Business Capstone · Period D · 2026
McLaren in the Automotive Industry
A management proposal: launching a luxury performance SUV
From: Nick Collins, CEO. To: Yahli Kotler. Subject: Your First Management Assignment — Congratulations on your recent promotion to our company's management. As part of your new role, you have been assigned responsibility for a key company project that will impact our operations, customers, and future success. You will oversee this project from planning to execution, making informed business decisions related to strategy, budgeting, marketing, operations, and management.
Today, McLaren is one of the largest performance-focused luxury automotive makers in the world. According to Good Car Bad Car, McLaren sold approximately 3,400 cars in 2022, demonstrating their high value within the market. Their mission, in their own words, is to "create breathtaking performance road cars" and "deliver the most thrilling driving experiences imaginable." Their strategic positioning is focused on redefining the high-performance and luxury sectors — but as consumer preferences shift, many luxury performance brands have added SUVs to their fleets. McLaren has not, and remains focused only on supercars.
The idea behind this project is to design and begin selling a luxury, high-performance SUV to compete in this market. This differs from McLaren's current fleet by offering customers a vehicle they can use daily, rather than supercars suited to specific conditions. The need for this product is evident at Lamborghini, a major competitor: in the year the Urus was released, they sold 5,750 cars; seven years later, sales are up to 10,747 cars — nearly double. This expansion supports long-term growth and adapts McLaren to changing customer needs without abandoning its identity.

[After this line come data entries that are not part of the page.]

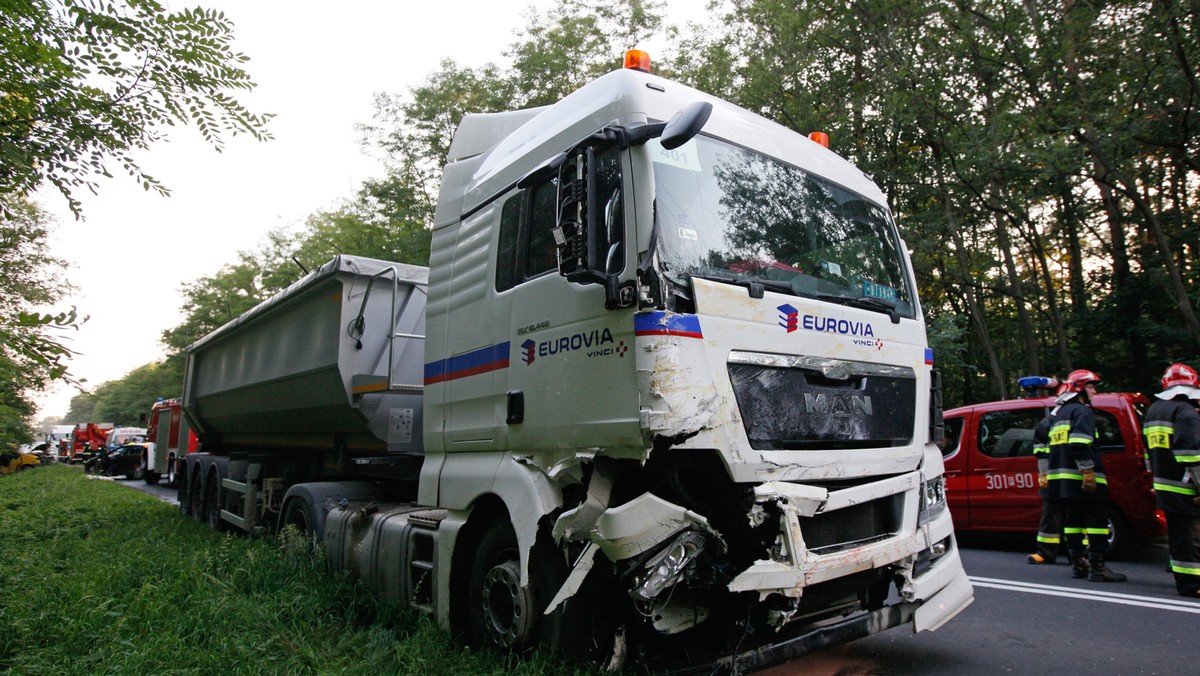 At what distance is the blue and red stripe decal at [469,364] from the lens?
4.33 m

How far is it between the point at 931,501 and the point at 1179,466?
126 inches

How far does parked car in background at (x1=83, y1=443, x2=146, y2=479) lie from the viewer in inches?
1050

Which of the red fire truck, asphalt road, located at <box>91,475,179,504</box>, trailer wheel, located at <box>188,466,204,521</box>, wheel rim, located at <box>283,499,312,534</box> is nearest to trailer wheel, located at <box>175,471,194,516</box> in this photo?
trailer wheel, located at <box>188,466,204,521</box>

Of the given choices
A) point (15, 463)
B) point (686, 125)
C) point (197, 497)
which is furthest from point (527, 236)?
point (15, 463)

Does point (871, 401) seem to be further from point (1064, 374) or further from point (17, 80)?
point (1064, 374)

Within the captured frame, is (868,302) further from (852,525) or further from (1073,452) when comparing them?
(1073,452)

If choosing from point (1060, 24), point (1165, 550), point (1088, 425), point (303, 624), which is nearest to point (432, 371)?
point (303, 624)

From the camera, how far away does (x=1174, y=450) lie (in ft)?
19.6

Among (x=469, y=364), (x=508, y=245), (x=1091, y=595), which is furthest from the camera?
(x=1091, y=595)

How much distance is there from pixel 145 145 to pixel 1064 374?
53.6 feet

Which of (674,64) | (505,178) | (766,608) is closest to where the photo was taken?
(766,608)

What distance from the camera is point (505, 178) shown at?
462cm

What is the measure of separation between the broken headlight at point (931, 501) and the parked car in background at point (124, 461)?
27.6m

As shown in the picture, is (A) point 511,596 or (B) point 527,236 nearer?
(A) point 511,596
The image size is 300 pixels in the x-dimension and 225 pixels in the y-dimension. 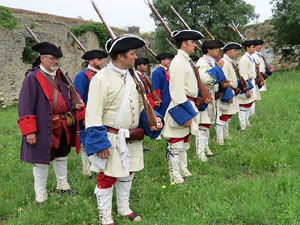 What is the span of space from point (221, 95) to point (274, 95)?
19.2 ft

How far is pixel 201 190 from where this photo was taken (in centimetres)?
381

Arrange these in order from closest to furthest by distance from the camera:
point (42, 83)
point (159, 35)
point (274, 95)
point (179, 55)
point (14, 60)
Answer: point (42, 83), point (179, 55), point (274, 95), point (14, 60), point (159, 35)

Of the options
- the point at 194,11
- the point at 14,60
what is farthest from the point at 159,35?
the point at 14,60

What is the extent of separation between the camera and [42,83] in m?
3.70

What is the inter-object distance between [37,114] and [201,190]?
2.49 meters

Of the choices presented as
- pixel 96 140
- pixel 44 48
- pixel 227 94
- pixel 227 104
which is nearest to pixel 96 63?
pixel 44 48

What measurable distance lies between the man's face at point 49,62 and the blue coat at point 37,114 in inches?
6.2

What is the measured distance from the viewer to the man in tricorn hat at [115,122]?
2904 millimetres

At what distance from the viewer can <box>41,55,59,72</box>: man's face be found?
3.73 m

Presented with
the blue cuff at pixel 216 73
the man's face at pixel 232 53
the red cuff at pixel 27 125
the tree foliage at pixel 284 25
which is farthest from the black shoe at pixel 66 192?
the tree foliage at pixel 284 25

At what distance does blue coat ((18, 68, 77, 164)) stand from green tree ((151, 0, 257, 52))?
733 inches

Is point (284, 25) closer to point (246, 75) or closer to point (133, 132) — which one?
point (246, 75)

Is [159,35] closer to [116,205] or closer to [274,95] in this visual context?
[274,95]

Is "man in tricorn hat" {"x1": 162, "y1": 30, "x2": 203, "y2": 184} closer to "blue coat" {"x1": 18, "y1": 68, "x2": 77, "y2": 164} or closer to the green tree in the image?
"blue coat" {"x1": 18, "y1": 68, "x2": 77, "y2": 164}
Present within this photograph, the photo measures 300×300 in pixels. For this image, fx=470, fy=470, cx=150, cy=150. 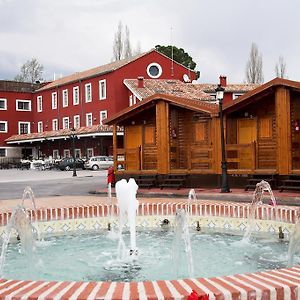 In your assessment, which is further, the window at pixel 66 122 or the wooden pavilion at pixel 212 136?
the window at pixel 66 122

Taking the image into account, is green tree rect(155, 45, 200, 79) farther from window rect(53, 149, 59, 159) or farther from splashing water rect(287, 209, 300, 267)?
splashing water rect(287, 209, 300, 267)

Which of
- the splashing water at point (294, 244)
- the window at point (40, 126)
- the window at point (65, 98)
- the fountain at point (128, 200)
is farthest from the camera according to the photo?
the window at point (40, 126)

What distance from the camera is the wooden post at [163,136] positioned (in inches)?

The main strategic goal is to increase McLaren's market share by expanding the customer base. In 2024, McLaren's revenue was approximately $841.5 million. Ideally, this project would lead to at least 10% growth — bringing revenue to around $925.7 million. McLaren sold around 3,200 vehicles in 2024. Sold at a $250,000 MSRP, the SUV would need to move 337 units to hit that revenue increase, taking total sales above 3,500 vehicles.
According to Glint Advertising, the average buyer for such a vehicle lives in a wealthy suburban area of a tropical city, around 45 years old. As Europe continues to focus on EVs, this car will launch only in the U.S., targeting cities like Miami, Los Angeles, and Dallas. We will position the car not as a luxury SUV but as a performance SUV — highlighting its practicality while remaining sporty. SMART goals include increasing revenue and unit sales, expanding the customer base, and increasing brand awareness so the vehicle continues to sell.

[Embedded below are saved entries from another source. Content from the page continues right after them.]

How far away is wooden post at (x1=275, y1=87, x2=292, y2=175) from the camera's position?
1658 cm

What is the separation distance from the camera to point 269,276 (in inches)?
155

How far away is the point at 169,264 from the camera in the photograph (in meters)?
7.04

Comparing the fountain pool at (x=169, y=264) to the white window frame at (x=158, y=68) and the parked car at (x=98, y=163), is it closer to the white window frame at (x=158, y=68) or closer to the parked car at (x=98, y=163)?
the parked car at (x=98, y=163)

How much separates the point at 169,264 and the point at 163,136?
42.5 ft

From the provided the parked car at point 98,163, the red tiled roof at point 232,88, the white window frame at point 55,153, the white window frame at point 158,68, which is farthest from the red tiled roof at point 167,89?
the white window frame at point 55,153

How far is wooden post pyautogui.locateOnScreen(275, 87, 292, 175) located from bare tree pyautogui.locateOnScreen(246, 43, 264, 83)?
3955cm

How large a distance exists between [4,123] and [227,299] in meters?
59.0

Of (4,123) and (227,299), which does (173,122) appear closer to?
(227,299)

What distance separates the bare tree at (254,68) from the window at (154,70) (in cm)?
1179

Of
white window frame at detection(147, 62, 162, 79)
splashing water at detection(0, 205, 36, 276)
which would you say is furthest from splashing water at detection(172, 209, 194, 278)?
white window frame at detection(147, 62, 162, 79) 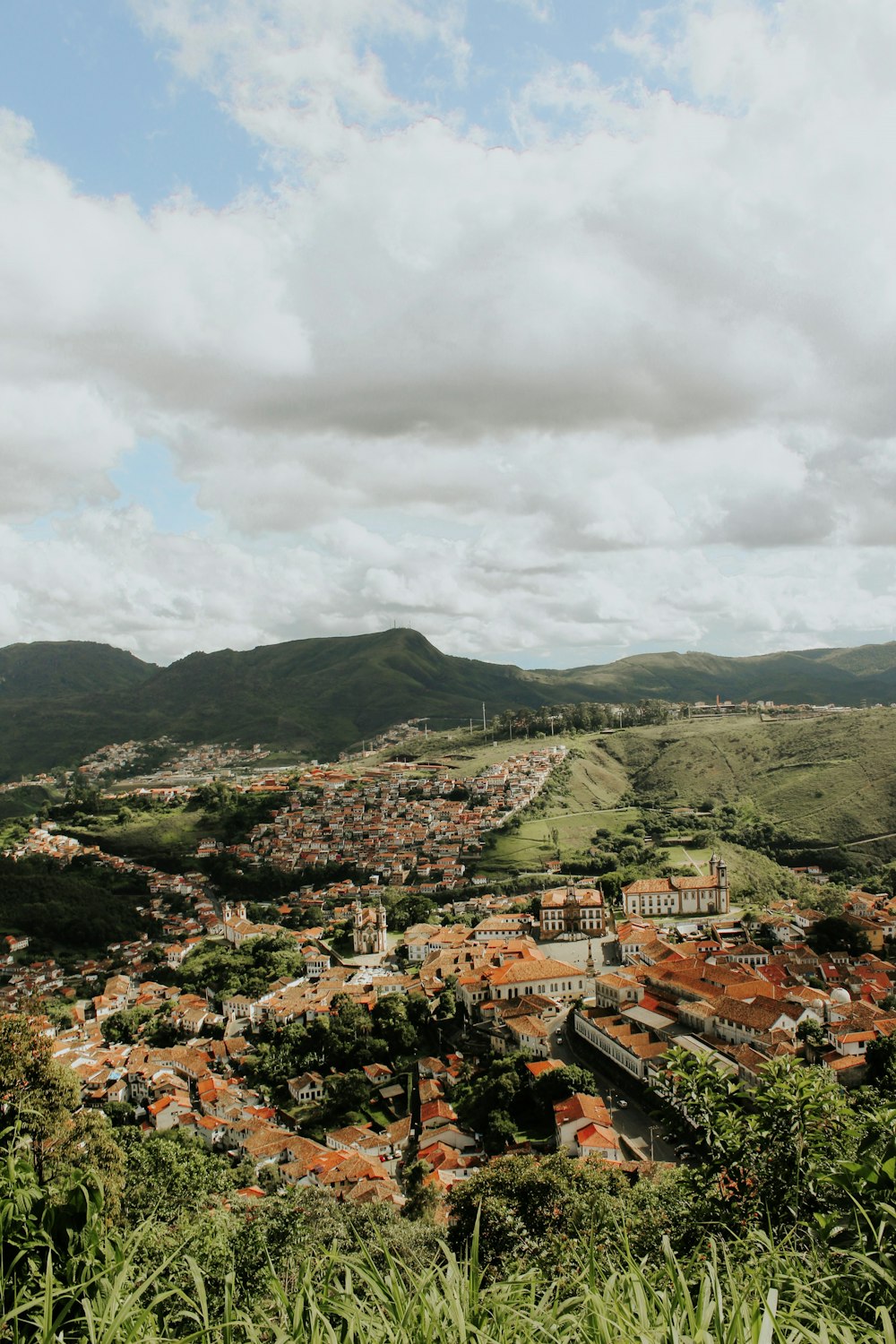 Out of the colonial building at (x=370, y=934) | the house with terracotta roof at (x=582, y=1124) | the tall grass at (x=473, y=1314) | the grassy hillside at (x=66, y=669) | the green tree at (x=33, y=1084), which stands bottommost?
the colonial building at (x=370, y=934)

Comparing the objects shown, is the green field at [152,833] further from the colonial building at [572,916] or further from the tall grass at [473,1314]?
the tall grass at [473,1314]

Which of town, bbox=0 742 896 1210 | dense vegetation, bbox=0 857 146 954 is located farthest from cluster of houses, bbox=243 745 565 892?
dense vegetation, bbox=0 857 146 954

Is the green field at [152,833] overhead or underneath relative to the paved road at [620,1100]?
overhead

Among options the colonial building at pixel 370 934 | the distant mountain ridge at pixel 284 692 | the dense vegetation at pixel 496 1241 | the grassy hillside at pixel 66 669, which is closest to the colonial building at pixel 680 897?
the colonial building at pixel 370 934

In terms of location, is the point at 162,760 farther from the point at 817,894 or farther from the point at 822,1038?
the point at 822,1038

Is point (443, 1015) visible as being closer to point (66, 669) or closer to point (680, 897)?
point (680, 897)

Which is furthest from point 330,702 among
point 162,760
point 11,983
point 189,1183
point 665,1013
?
point 189,1183

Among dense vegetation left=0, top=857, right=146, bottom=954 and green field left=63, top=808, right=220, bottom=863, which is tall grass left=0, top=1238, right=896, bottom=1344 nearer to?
dense vegetation left=0, top=857, right=146, bottom=954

SWOT analysis: Strengths — McLaren's brand power and the engineering team's vehicle-building experience. Weaknesses — McLaren has never produced an SUV before, and starting a new model line is expensive. Opportunities — an untapped SUV market for McLaren, plus existing customers who need a more practical daily car. Threats — established competitors with mature SUV models and price elasticity within the segment.
The budget rationale is based on long-term revenue, not short-term cost-saving. Capital expenses include R&D, vehicle engineering, factory adjustments, and new technology integration. Fixed costs include staff, facilities, and depreciation. Variable costs include raw materials, labor, and logistics. One-off costs include a launch event, marketing campaign, and celebrity collaborations. Chris Clarke notes that luxury vehicles typically cost about $130,000 to produce; for this vehicle, closer to $140,000. Total project budget: approximately $100 million — about $90 million for the project itself and $10 million for ongoing development after release.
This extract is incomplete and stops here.